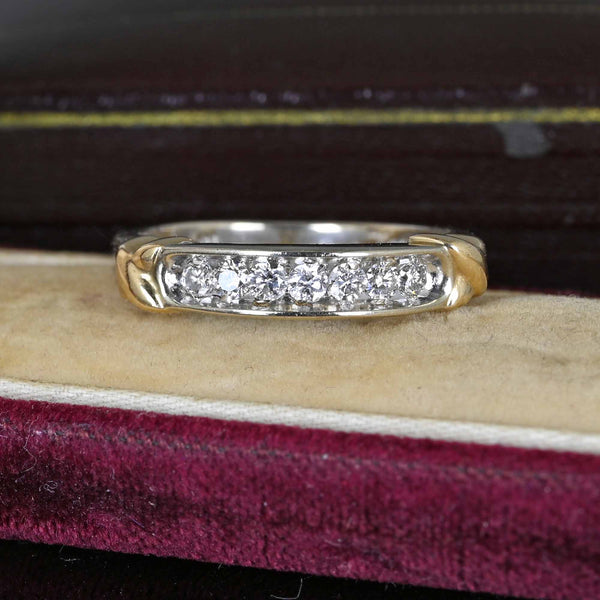 Seven Stone Diamond Half Eternity Ring in White Gold - Boylerpf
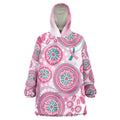 Hereditary Breast Cancer Awareness Australia Indigenous Wearable Blanket Hoodie Previvor - Aussie Hoodie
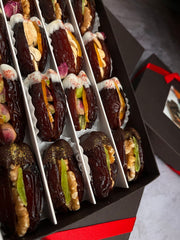 Premium Stuffed California Grown Medjool Dates Box – Gluten Free - Free Shipping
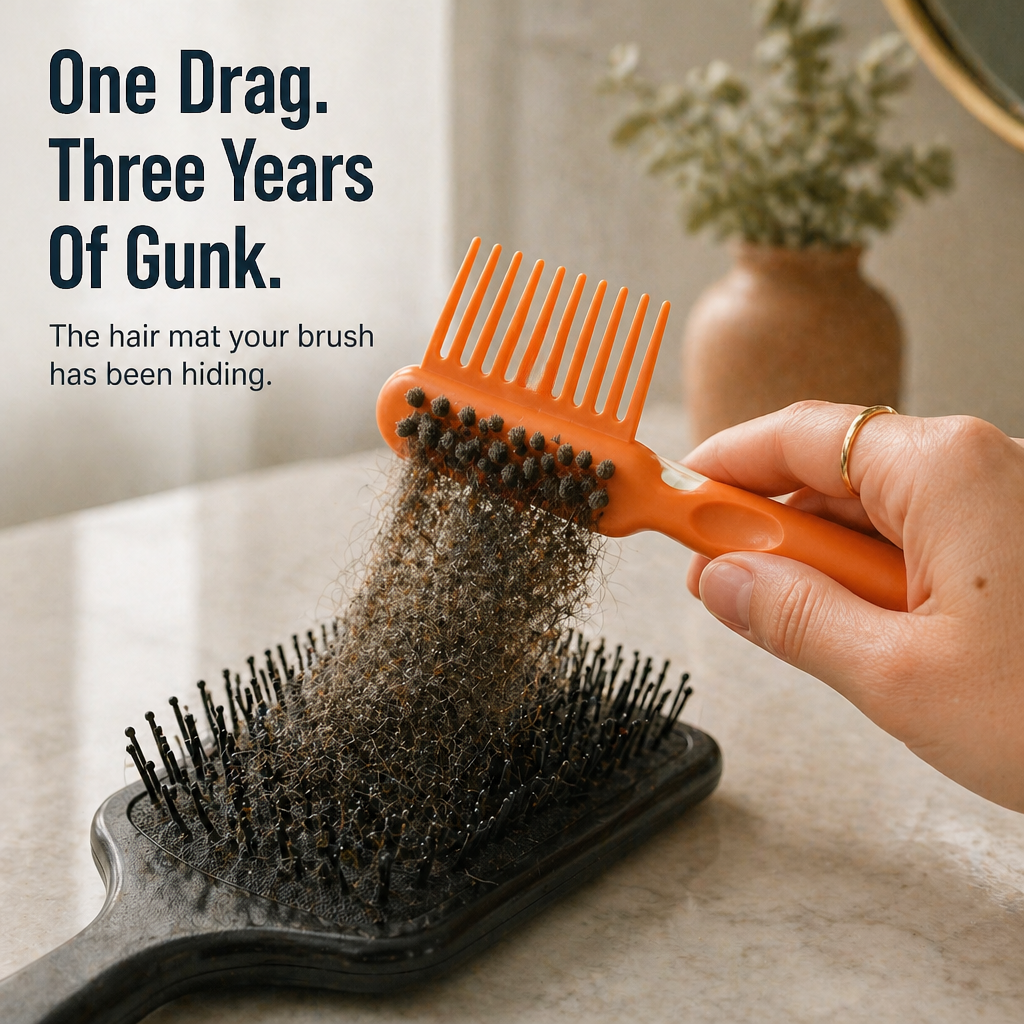 BrushVibe™ — Rake Out Tangled Hair And Scrub The Grime From Every Brush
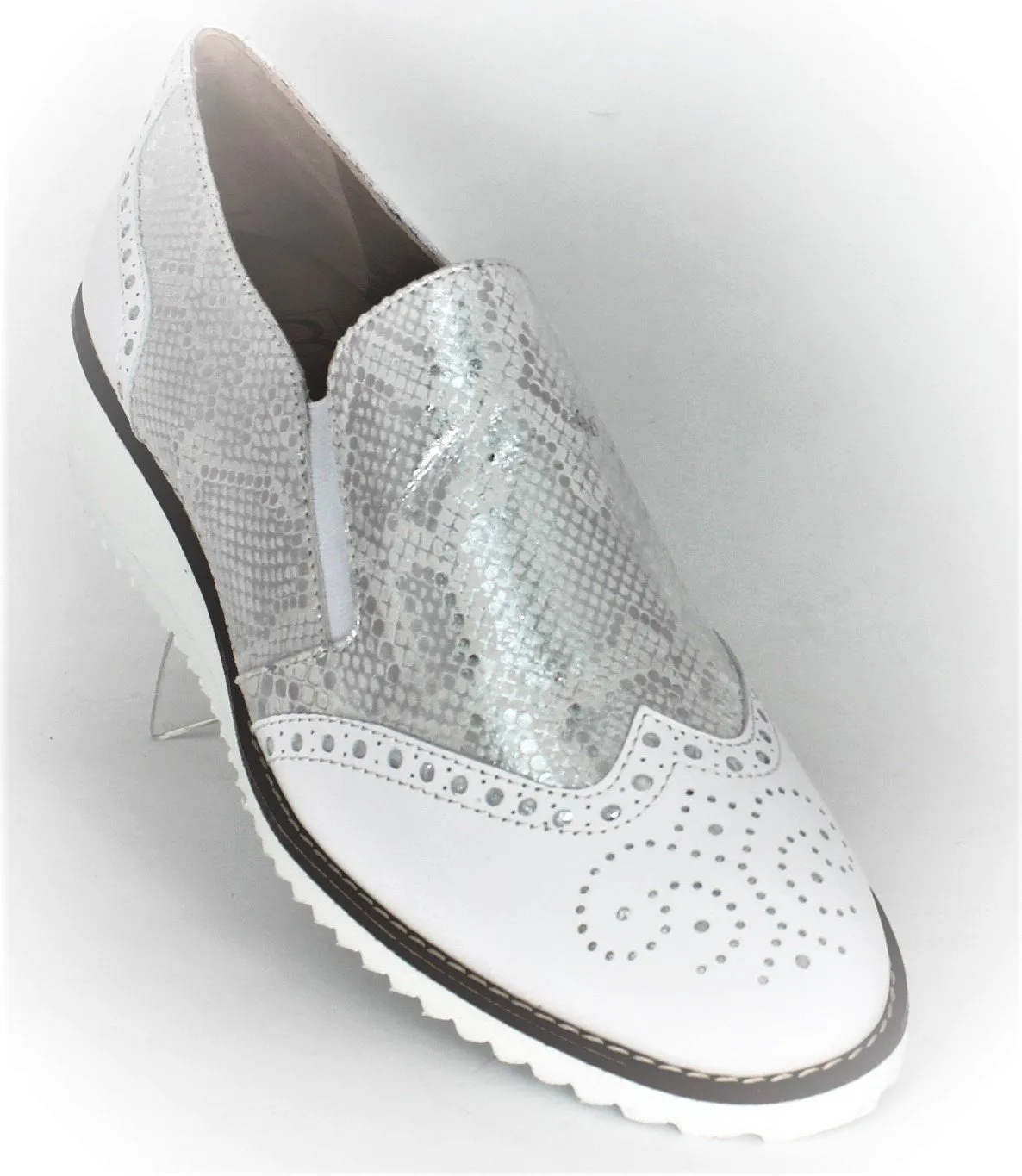 Snake Print Wedge Loafer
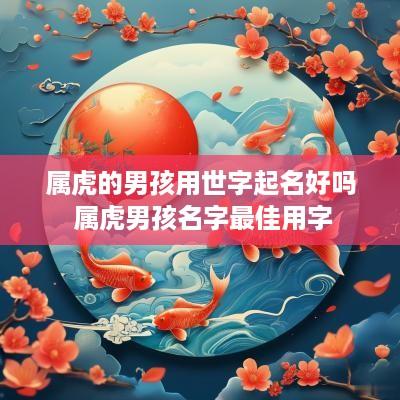 属虎的男孩用世字起名好吗 属虎男孩名字最佳用字
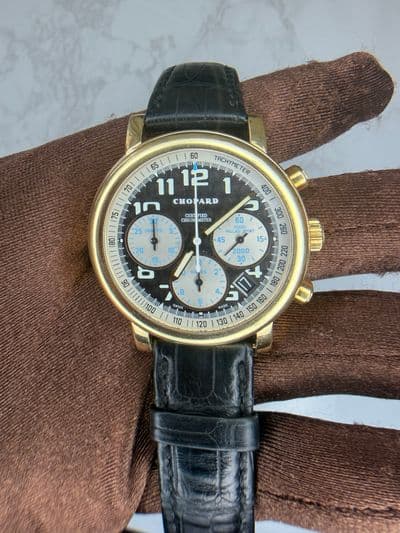 Chopard Chopard Mille Miglia Gray blue “Sport Argentina” limited edition dial Yellow Gold Watch Only 1251 Preowned Automatic — photo 1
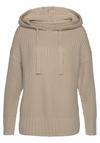 Lascana Kapuzenpullover Hoodie Damen - beige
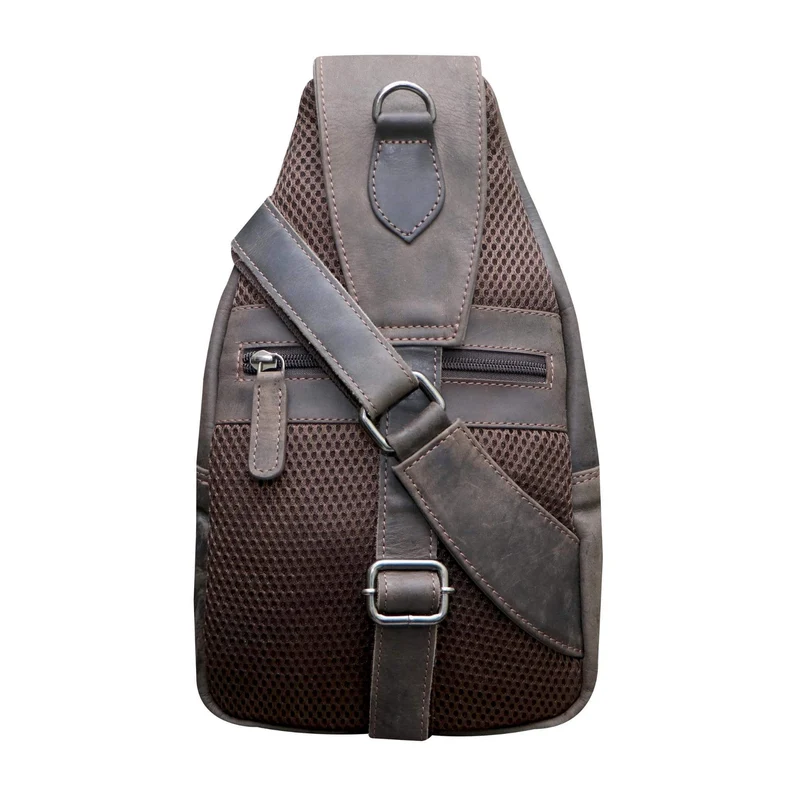 Tom Brusttasche Herren Leder Sling Bag Damen Umhängetasche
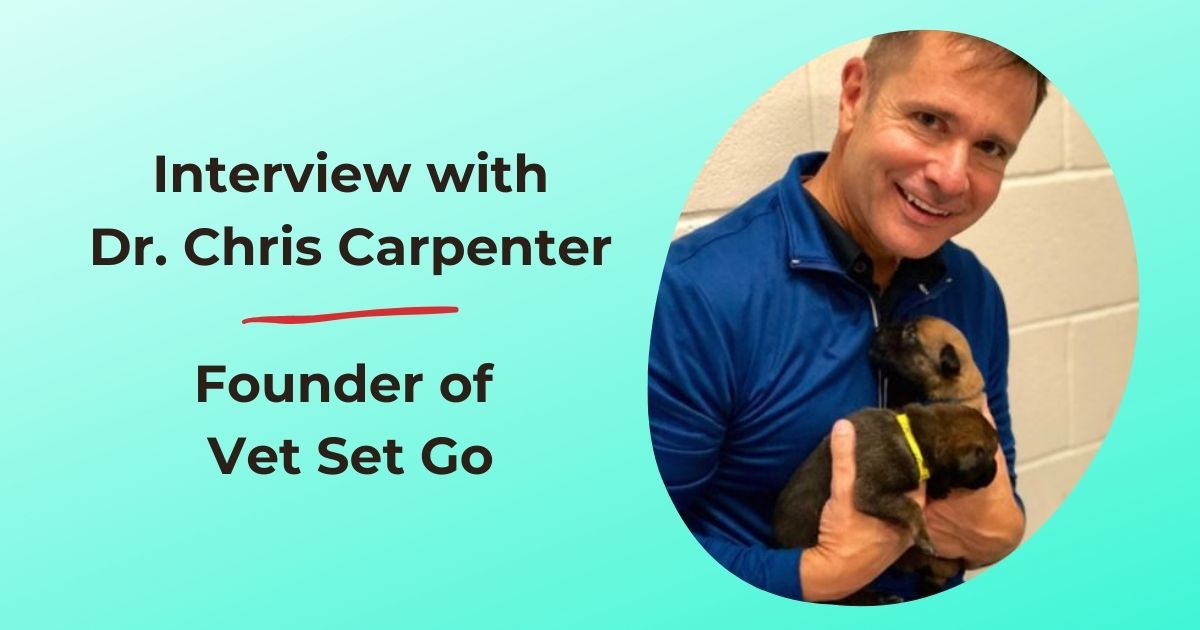 Entrevista con el veterinario Dr. Chris Carpenter listo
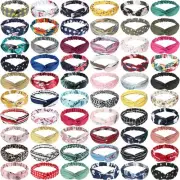 60 Pcs Boho Button Headbands Elastic Knotted HairBands for Women's Hair, Twis...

───

**Problem details**. Every line from the one with "属虎的男孩用世字起名好吗 属虎男孩名字最佳用字" through the last line of the data must be copied exactly. Leave the pictures out.

**Answer to the problem**.
 属虎的男孩用世字起名好吗 属虎男孩名字最佳用字
 Chopard Chopard Mille Miglia Gray blue “Sport Argentina” limited edition dial Yellow Gold Watch Only 1251 Preowned Automatic — photo 1
 Lascana Kapuzenpullover Hoodie Damen - beige
 Tom Brusttasche Herren Leder Sling Bag Damen Umhängetasche
 Entrevista con el veterinario Dr. Chris Carpenter listo
 60 Pcs Boho Button Headbands Elastic Knotted HairBands for Women's Hair, Twis...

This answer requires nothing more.